DATASET RECORDS |
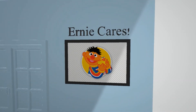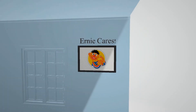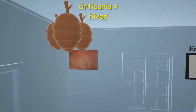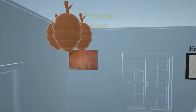Here we're going to talk about Urticaria, represented by this sign in the back of the room that says 'Ernie Cares' — Ernie Cares for Urticaria. Looking at this side of the room, we have hives on the ceiling — beehives. Hives for hives. The medical term for hives is Urticaria.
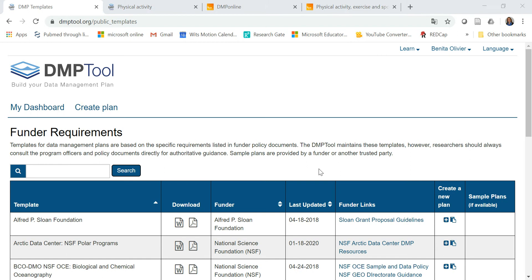In this video, I'd like to introduce two very useful tools to help you develop your data management plan for your research project. Now, most of the funders require data management plans to be submitted when you apply for funding, and these two websites guide you through the process to develop the data management plan.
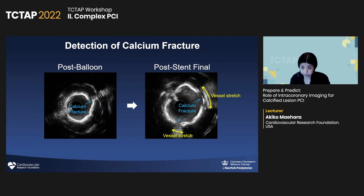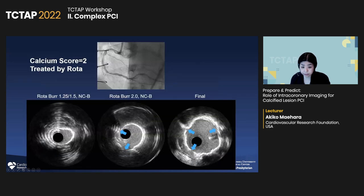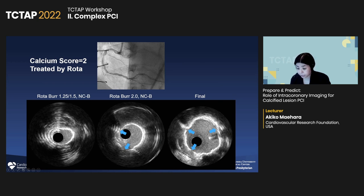What is important before stenting is confirmation of the calcium fracture, because this is the secure way to achieve good stent expansion. By IVUS, you see a nice calcium fracture. After stenting, that fracture site stretches and makes good stent expansion. This is a case with score 2 — after a big burr low-tabulator, we can make a good calcium fracture. At the end, we have good stent expansion with tissue behind the stent because the calcium was completely separated, indicating good calcium fracture.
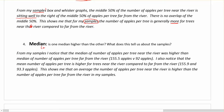Our medians — and here we'll also talk about our means as well — is one higher than the other, and what does that tell me about my samples? From my samples, I noticed the median number of apples per tree near the river was higher than the median number of apples per tree far from the river. I also noticed that the mean number of apples per tree is higher for trees near the river compared to far from the river. When giving evidence, make sure you've got your units — we're talking about apples here. This shows that on average, the number of apples per tree near the river is higher than the number of apples per tree far from the river in my samples.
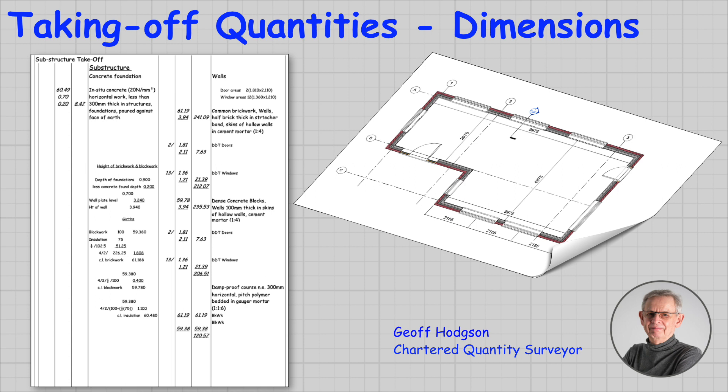Hi, my name is Geoff Hodgson and I'm a Chartered Quantity Surveyor and welcome you to this first video on how to use dimension paper to take off quantities.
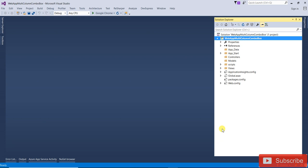Hi everyone, in this video we are going to learn how to display multi-column in a drop-down list. Basically most drop-downs or combo boxes populate only one column of data, but this multi-column combo box helps us display multi-column data in a single row. If you found this video helpful please like and subscribe.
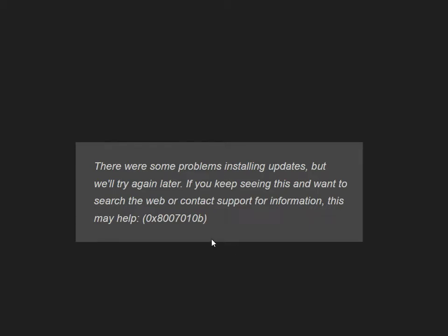Welcome guys. When you're updating Windows 10 or 11 and it's showing error 0x8007010B, this guide will show you how to fix it.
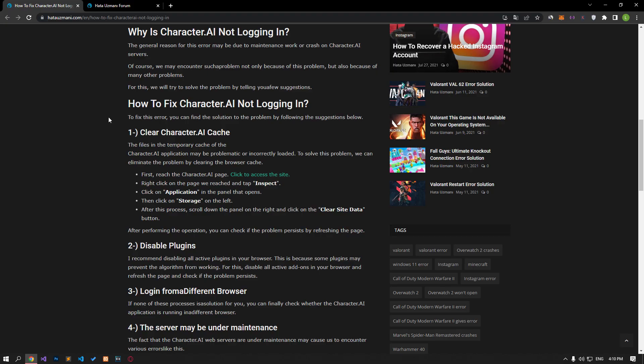This error usually occurs due to server density, restricting users' access to the site. Of course, we may encounter such an error not only because of this problem, but also because of many other problems. We will try to solve the problem by telling you a few suggestions.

THE PROBLEM |
From the line containing "Hi everyone, in" down to the last line of the data, print every line exactly and nothing else. Pictures stay out of the copy.

EXERCISE ANSWER |
Hi everyone, in this video we are going to learn how to display multi-column in a drop-down list. Basically most drop-downs or combo boxes populate only one column of data, but this multi-column combo box helps us display multi-column data in a single row. If you found this video helpful please like and subscribe.
Welcome guys. When you're updating Windows 10 or 11 and it's showing error 0x8007010B, this guide will show you how to fix it.
This error usually occurs due to server density, restricting users' access to the site. Of course, we may encounter such an error not only because of this problem, but also because of many other problems. We will try to solve the problem by telling you a few suggestions.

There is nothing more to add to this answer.